‘The condition upon which God hath given liberty to man is eternal vigilance.’
— John Philpot Curran (1790).
As a nation, we are sliding into a place of great sadness. The economy’s growth engines are shutting down, and there is a collapse of law and order. Daily, it becomes more difficult to discern who has our national interests at heart from who are essentially bandits.
Our neglect of necessary investment in public utilities leads to considerable distress to ordinary citizens. While some persons prosper, others suffer. Life is excruciatingly painful for the average citizen.
The story of Andrea Bharatt is the story of crushed dreams. A young woman, nurtured in love, snatched away by criminals and murdered.
Her experience mocks the elusive aspiration that ‘if we work hard, we will succeed’. The hope expressed by that image of Ms Bharatt dressed in her graduation robes ended in a tragic loss represented by her decomposed body.
The early boast about the Police’s capacity to rescue a kidnap victim was an empty boast based on a dated report. The sister of another missing woman helpfully gave us the backstory of the madcap unsuccessful search in the eastern areas.
The revolting rape of 8 January 2021 apparently went unremarked until the newspaper expose. The official rebuttal was more telling for what it did not address.
In 2008, the Police’s response to a poor missing woman was ‘…laughing and saying my sister ran away to take man…’ By 2021, it is upgraded to: ‘…he was just looking at me… I don’t know what he was thinking, but he was just looking at me… He gave us the paper and dismissed us again…’
The persistent mother did the Trini thing and got a ‘link’ via a police friend, who got a WPC to meet her at Mt Hope Hospital. Does anything work in this country without a ‘link’?

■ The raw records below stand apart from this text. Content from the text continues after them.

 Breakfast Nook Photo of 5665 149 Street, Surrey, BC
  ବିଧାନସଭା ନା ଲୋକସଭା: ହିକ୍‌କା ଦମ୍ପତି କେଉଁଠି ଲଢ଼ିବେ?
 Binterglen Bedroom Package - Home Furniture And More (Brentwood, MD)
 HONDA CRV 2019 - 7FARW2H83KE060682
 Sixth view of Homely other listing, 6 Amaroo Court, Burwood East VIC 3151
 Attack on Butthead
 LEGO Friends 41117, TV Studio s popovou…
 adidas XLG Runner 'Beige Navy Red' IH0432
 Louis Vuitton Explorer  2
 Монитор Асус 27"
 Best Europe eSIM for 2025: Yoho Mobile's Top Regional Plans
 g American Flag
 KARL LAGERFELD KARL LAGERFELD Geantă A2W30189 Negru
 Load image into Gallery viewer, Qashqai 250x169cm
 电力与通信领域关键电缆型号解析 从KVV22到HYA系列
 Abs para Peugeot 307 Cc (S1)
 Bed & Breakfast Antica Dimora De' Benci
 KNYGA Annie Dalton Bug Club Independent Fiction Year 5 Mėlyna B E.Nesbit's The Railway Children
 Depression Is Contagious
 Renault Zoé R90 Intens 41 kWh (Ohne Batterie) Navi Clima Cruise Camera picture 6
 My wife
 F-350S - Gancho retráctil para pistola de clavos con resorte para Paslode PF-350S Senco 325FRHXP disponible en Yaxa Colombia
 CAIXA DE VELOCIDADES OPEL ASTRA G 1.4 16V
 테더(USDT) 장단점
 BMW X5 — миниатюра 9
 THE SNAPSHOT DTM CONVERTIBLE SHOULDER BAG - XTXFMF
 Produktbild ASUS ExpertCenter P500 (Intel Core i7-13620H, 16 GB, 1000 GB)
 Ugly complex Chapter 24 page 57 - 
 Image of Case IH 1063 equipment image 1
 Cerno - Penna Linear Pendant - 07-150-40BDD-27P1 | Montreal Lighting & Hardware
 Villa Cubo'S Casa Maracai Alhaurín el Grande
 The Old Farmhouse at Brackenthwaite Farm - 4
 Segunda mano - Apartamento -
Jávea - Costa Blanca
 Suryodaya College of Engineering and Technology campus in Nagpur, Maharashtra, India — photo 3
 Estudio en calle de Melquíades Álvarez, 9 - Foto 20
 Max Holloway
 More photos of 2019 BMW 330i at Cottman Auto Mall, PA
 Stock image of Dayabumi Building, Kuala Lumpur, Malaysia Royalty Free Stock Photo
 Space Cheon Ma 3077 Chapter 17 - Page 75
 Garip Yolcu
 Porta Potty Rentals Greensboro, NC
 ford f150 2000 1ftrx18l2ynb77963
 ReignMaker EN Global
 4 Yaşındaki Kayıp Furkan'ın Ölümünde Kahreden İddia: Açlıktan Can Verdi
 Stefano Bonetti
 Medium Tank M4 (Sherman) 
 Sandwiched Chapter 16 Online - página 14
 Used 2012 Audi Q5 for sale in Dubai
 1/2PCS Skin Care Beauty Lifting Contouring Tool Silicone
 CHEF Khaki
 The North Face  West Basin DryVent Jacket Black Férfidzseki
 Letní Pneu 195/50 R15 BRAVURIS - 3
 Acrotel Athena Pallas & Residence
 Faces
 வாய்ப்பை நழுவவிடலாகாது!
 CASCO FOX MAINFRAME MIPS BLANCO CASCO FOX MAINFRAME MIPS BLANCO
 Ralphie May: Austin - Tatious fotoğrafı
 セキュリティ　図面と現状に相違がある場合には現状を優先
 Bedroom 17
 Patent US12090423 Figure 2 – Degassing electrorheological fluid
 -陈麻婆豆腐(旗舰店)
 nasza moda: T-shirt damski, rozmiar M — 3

Obviously, ‘victim preferencing’ (Black, 1976) is at play in our country. Victim preferencing theory says that who you are will influence how diligently and vigorously the authorities would work to solve a matter.
We are fortunate that Andrea Bharatt, dressed in her graduation garb, ripped the bandages off our eyes. Without that picture, would we have been bothered to wake up from our fantasy?
We either ignored or did not know about the updated information that showed the modus operandi and the ring that operated with possible human trafficking connections. We do not understand or care that unresolved issues morph into more intractable problems. They never remain the same. They always get worse and more complicated.
We retrieved Andrea’s body yet walked away without securing the crime scene. We, as a nation, are uninterested in evidence. We neither wish to find, study or understand it. We prefer the zest in anecdotes and unsubstantiated conspiracies. Please do not confuse us with facts.
Andrea was essentially a marginalised woman like many other missing women. The disrespect meted to the January victim suggests that we do not know whether the others who returned home suffered rape or sexual abuse. We sigh with relief and move on, not recognising the problem that plagues us.
Why? Because these issues do not threaten our elites. These issues affect the groups by whom they feel threatened. So they silently move on.
Our leaders, more concerned about the appearance of crime-fighting than the crime fighters and their misdeeds, float the stunning balloon ‘because the officers were masked there isn’t much concrete evidence… identifying the officers’.
We focus on flimsy statistics and ignore the impudent audacity all around. Nobody takes responsibility. We live in the past yet pretend to be fighting today’s battles.
But think about it, this is not only about the Police; it is true of many other areas of our economy and life. We love Brer Anansi leaders who make us feel good. Their harsh reckless responses to any criticism cower many, even our elites. We only dissent when it is personally safe.
We are unfeeling and uncaring about ordinary people. How then will we grow this society?
How will we make life better if we remain silent in the presence of barbarians?